# German attack on Poland



## v2 (Sep 1, 2006)

At the outbreak of the war, Polish army was able to put in the field almost one million soldiers, 2800 guns, 500 tanks and 400 aircraft. On the September 1st, the German forces set to war against Poland amounted to more than 1.5 million solders, 9000 guns, 2500 tanks and almost 2000 aircraft. The Red Army began the invasion sending in the first lot more than 620 000 soldiers, 4700 tanks and 3200 aircraft. Despite the overwhelming odds and the necessity of defense against the offensive in all directions, the Polish army fought for 35 days. Warsaw held until September 28th, the Polish garrison of Hel Peninsula for more than a month. The last battle against German troops took place on October 5.


----------



## v2 (Sep 2, 2006)

On september 1,1939 Germany attacked Poland from the west, the north and the south. World War II started.
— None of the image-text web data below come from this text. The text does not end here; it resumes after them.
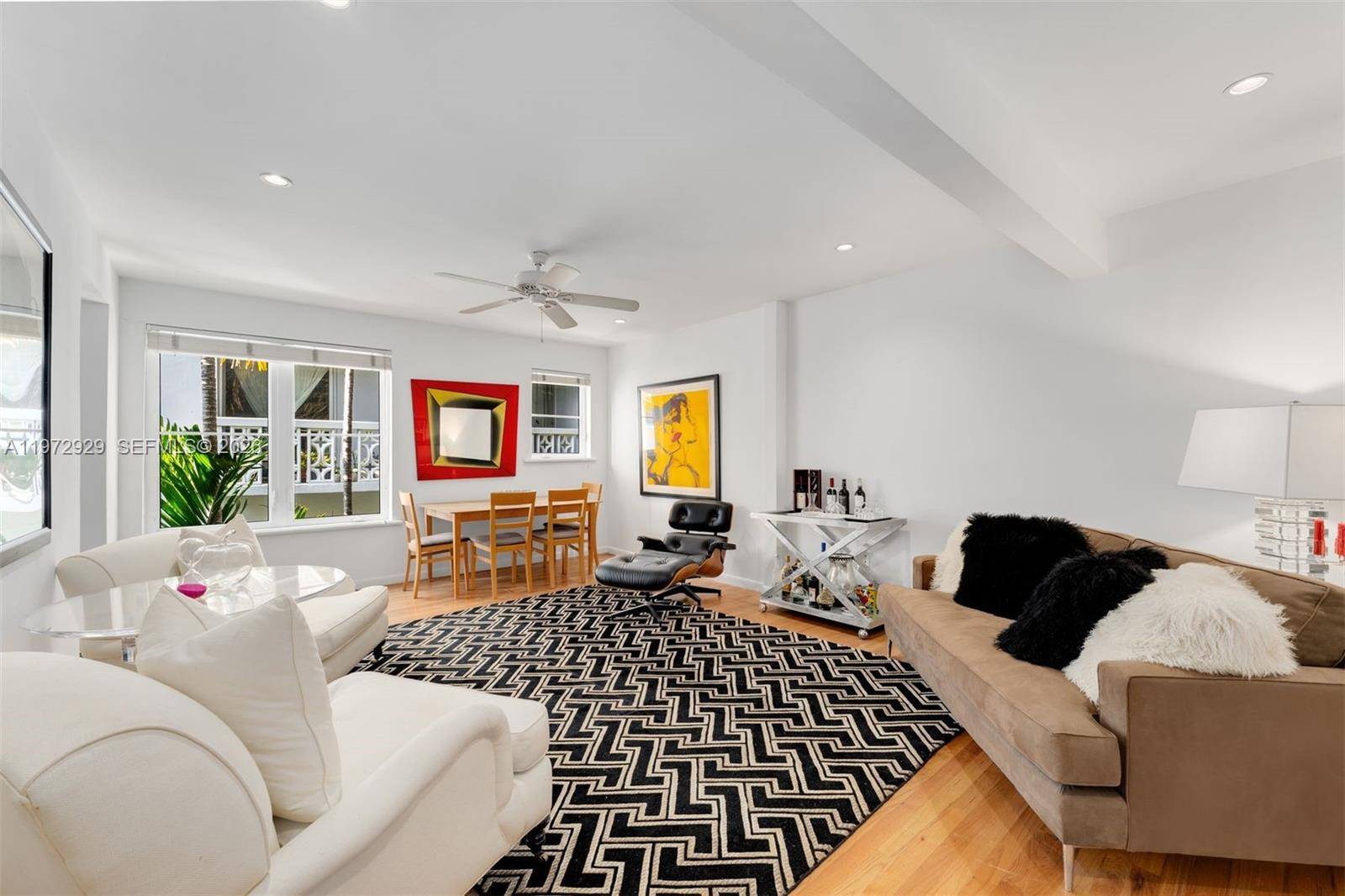 1018 Meridian AveMiami Beach - THE COCONUT OF SOUTH BEAC condo unit 8 - picture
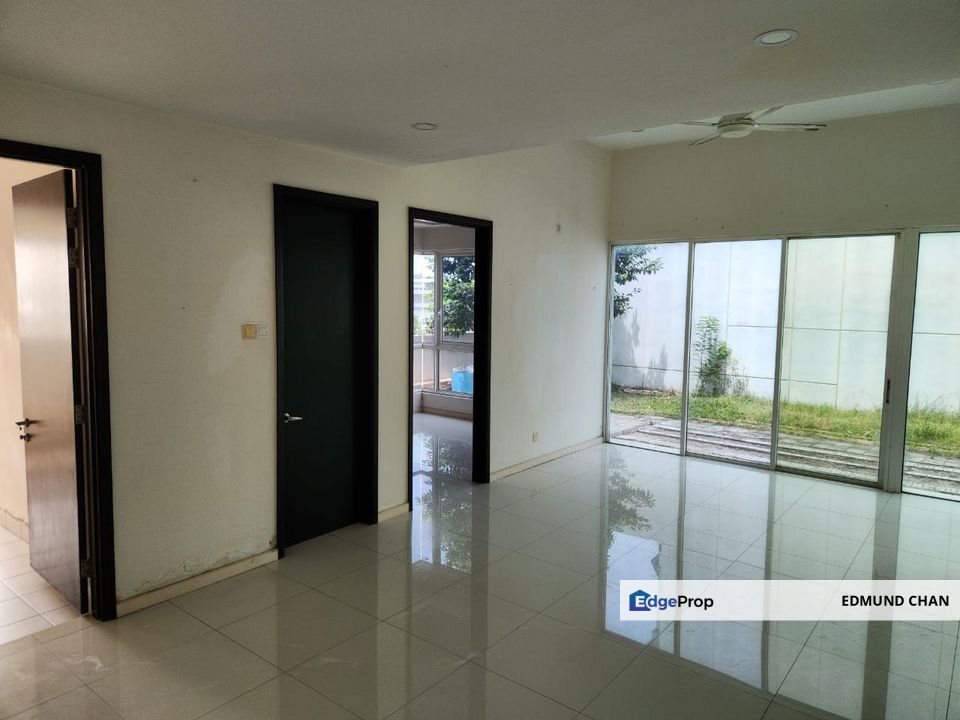 Laman Granview Puchong hilltop 3 storey Bungalow house with club house, Selangor, Puchong South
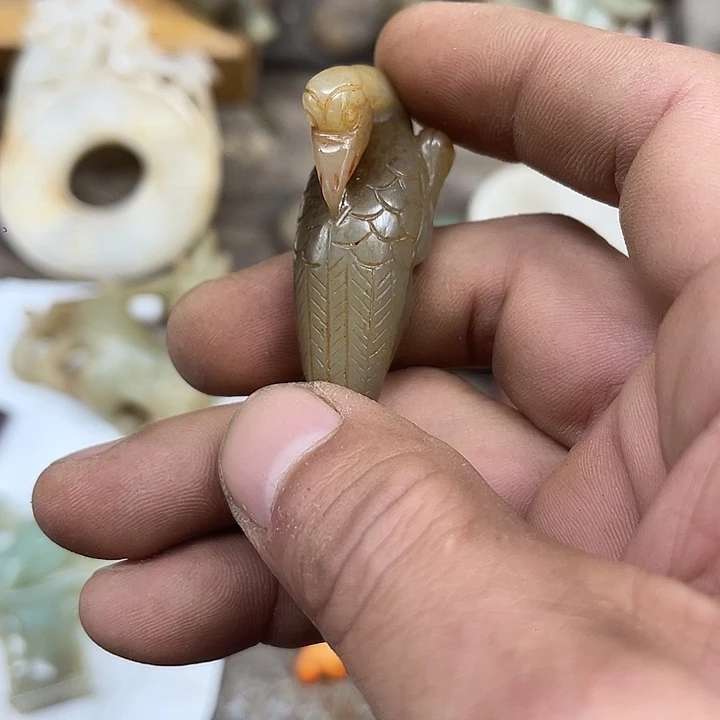 和田玉（糖玉）未镶嵌挂件和田玉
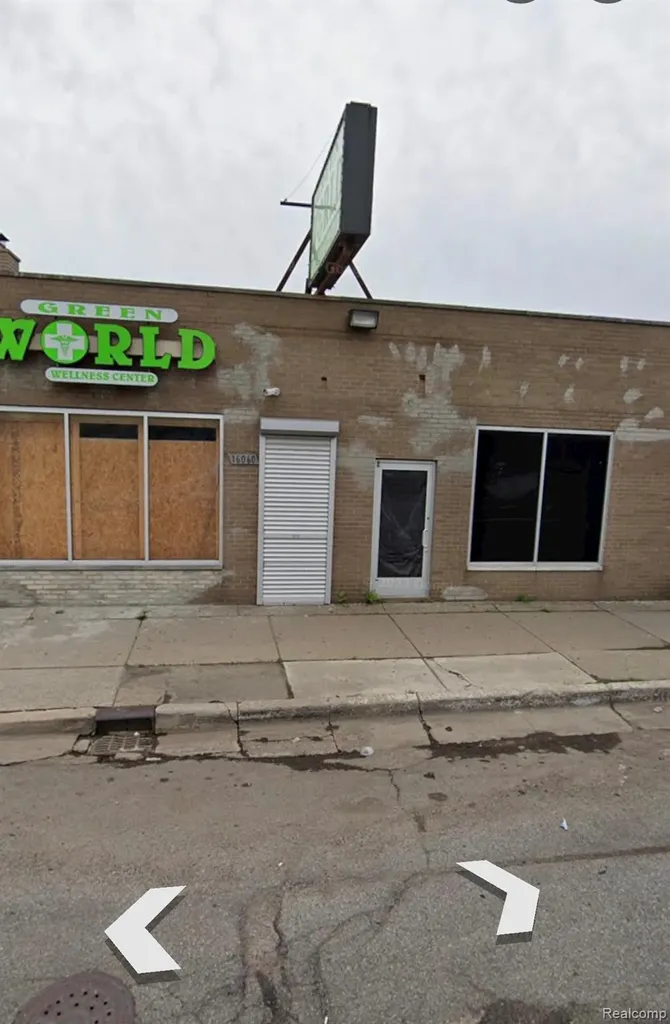 16060 E 8 Mile Road Detroit City MI 48205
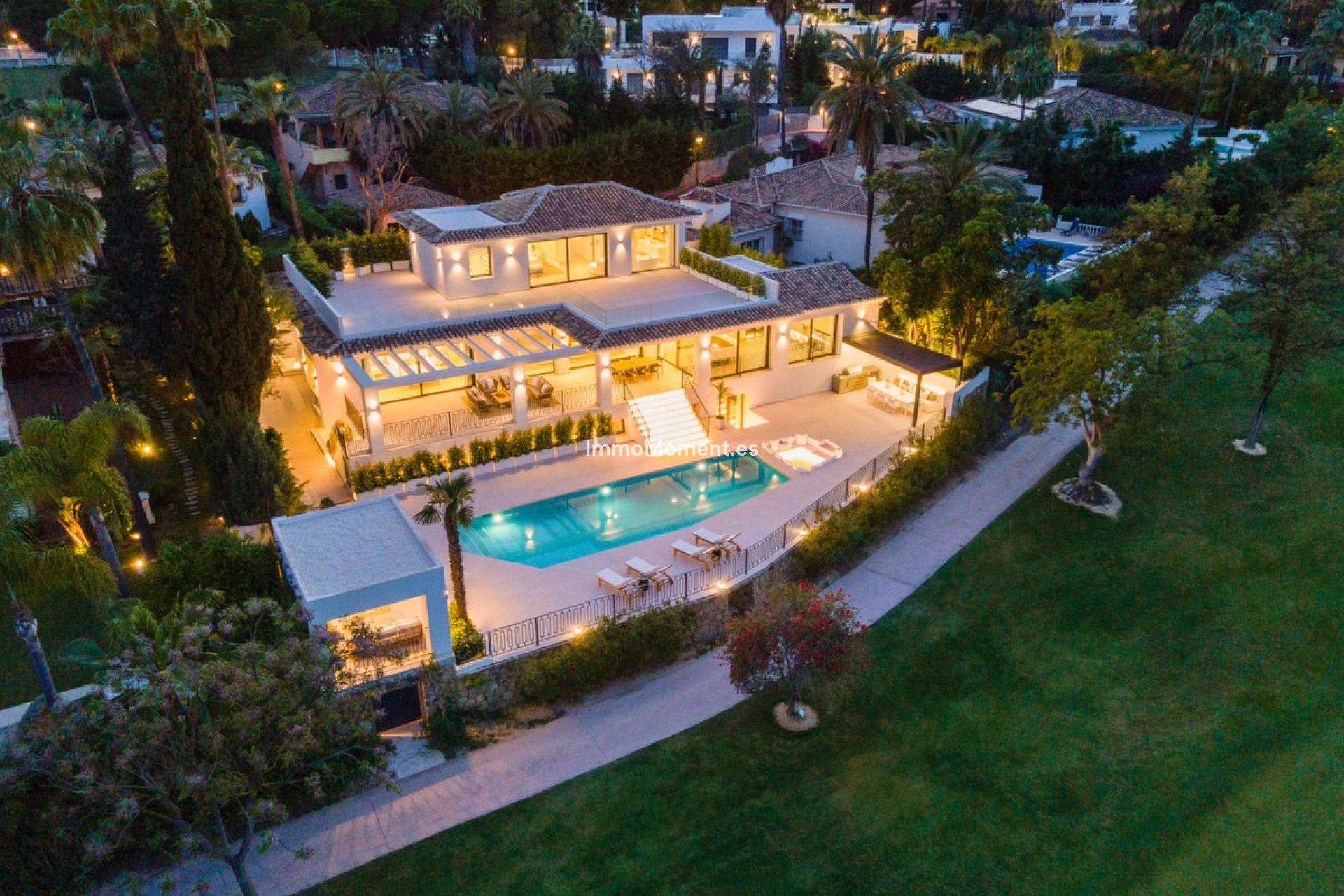Wiederverkauf - Freistehende Villa - Marbella - Nueva Andalucía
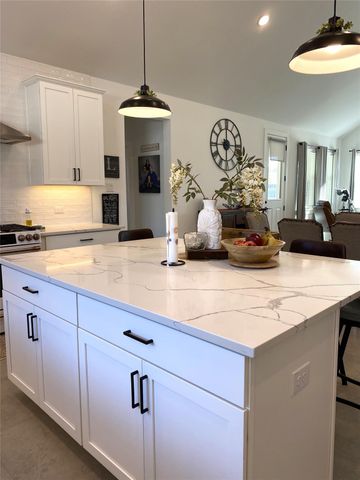 15330 Water Oak Way Way, Santa Fe, TX 77517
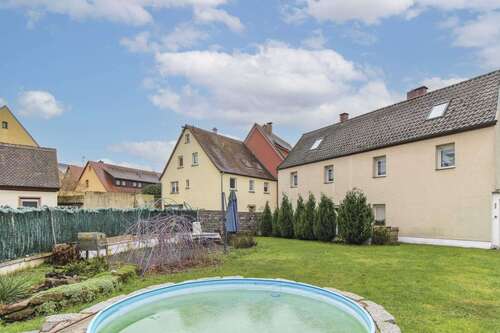 Foto - Haus zum Kaufen in Wilhermsdorf 350.000,00 € 340.09 m²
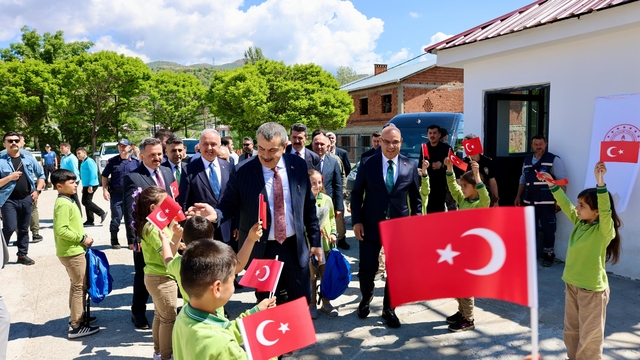 Bakan Yusuf Tekin Giresun'da hayırsever desteğiyle yapılan okul ve camiyi hizmete açtı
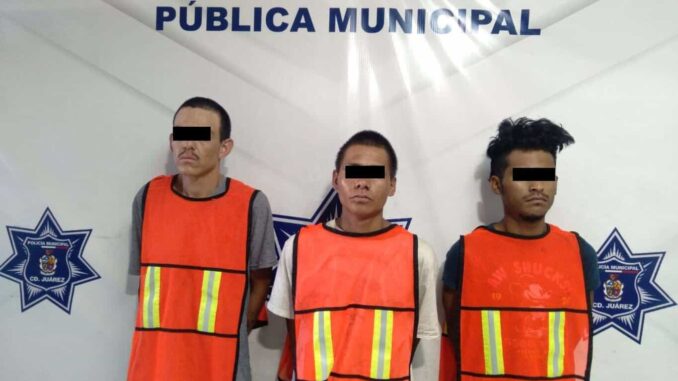 Detienen a tres con auto robado y droga en Las Haciendas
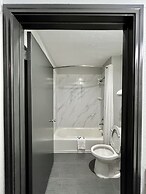 Super 8 by Wyndham Sealy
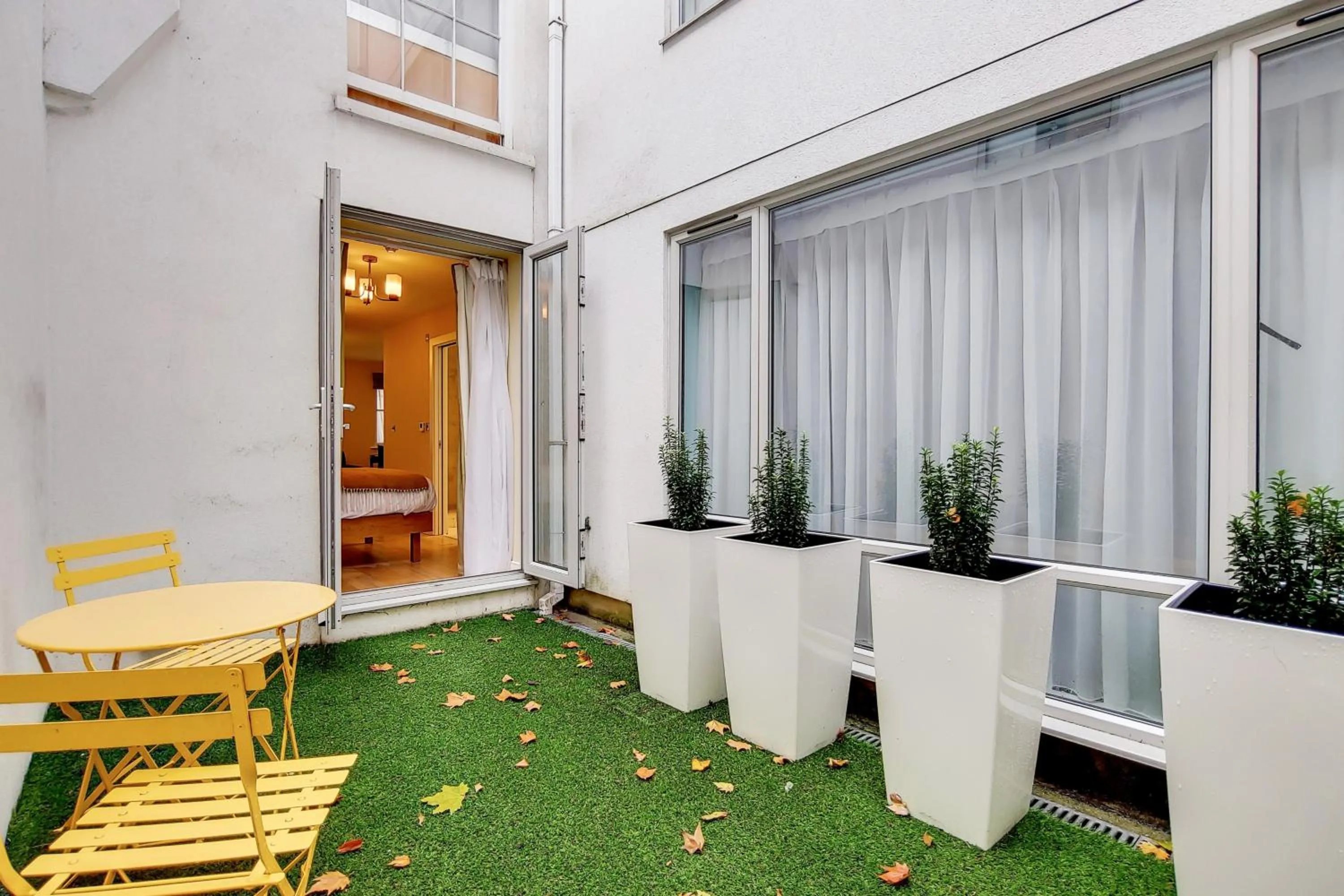 Patio in Residences at The Gyle - London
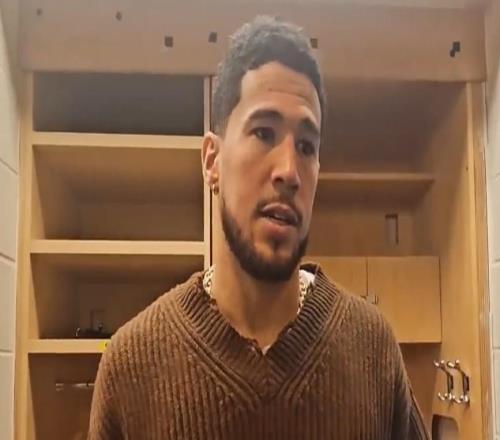 布克：杜兰特是我极度敬重之人，跟他同场竞技的机会弥足珍贵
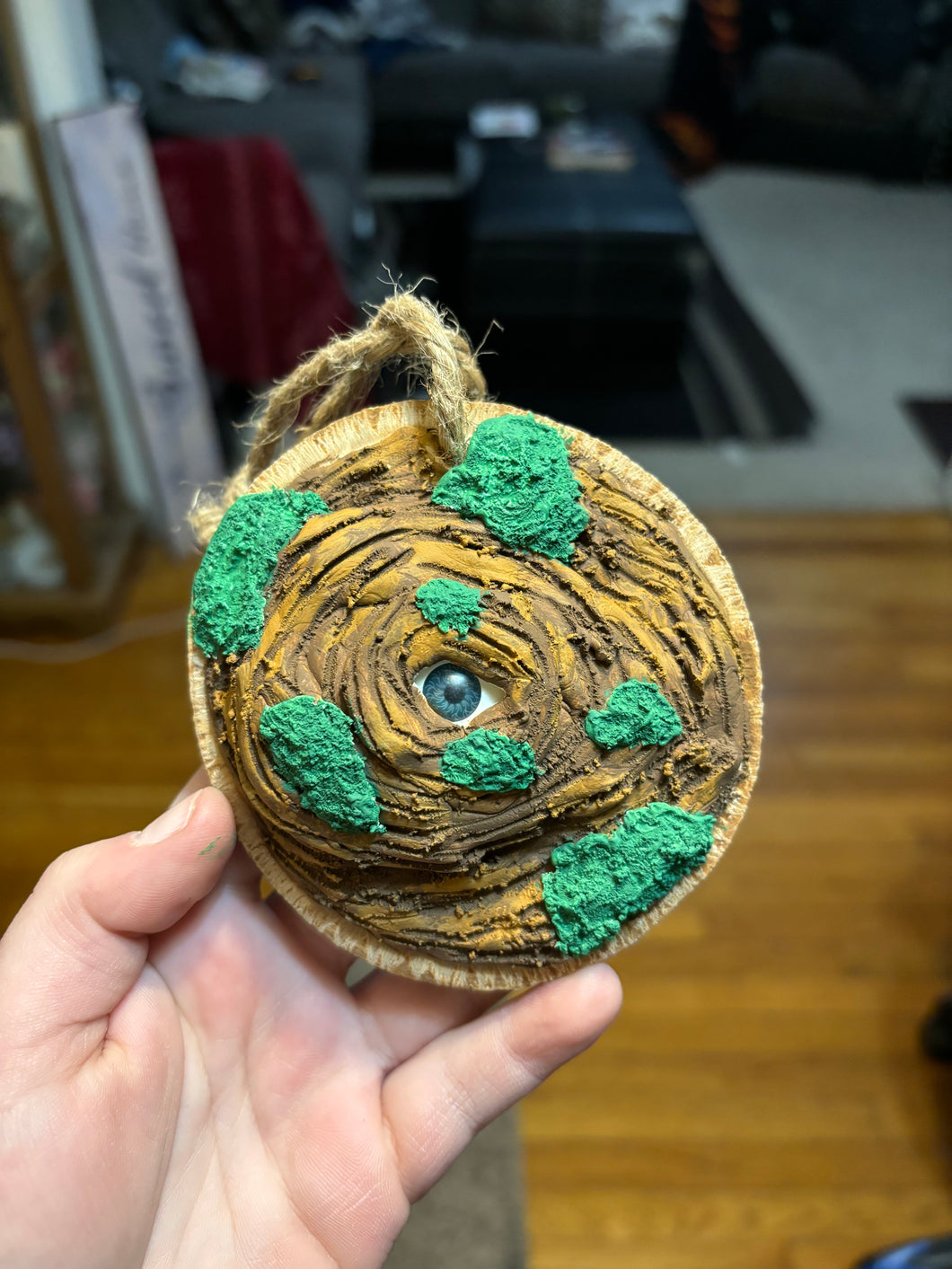 Wall hanging Tree Stump Eye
Despite the enemy’s tremendous military superiority, especially in armoured and air forces, Poles resisted with stout determination and defended their homeland and freedom. On one of the sectors of the front line, near far from Grudziadz ( north part of Poland) fighting took place, which was later called “the Battle of Grudziadz”. Hundreds of Polish soldiers fell in that battle, which bears witness to their determination to fight against the invaders. On September 2nd the commanding staff of the Polish “Pomorze” Army determined to deploy its scanty air force against the German armoured units. They had a fighter squadron consisting of 20 fighters. P.11 were totally unsuitable for the task, armed only with two (a few aircraft had four) 7.92mm machine guns and offering no armor protection. The squadron’s commander, Capt. Florian Laskowski, acknowledging reservations of two of his commodores, made a self – dependent decision: only one fighter flight was to attack the tanks, while the oder was to fly at a higher altitude, at 2500m (8000 ft), to fight the enemy planes. The assignment of the two tasks for respective fighter flights was decided by tossing a coin. The more difficult, and as it turned out later, the tragic assignment of attacking the German forces by flying just above ground, fell to the 141 Fighter Flight’s share. Capt. Laskowski decided to take command of the flight. The flight’s 9 planes were showered with German bullets. Capt. Laskowski was hit during the first attack and his machine crashed to the ground. P/O Wladyslaw Urban and L/Ac Benedykt Mielczynski were wounded and forced to land their damaged planes on land already occupied by German forces. The Germans did not apply first aid to the wounded pilots and all three of them died. 
Other pilots from the 141 Fighter Flight returned to the base in planes riddled with bullets. 
A different finale had the action of the 142 Fighter Flight, which engaged in fighting German planes: 9 Polish air fighters downed 7 German bombers Dornier 17 , and did not suffer any loses....


----------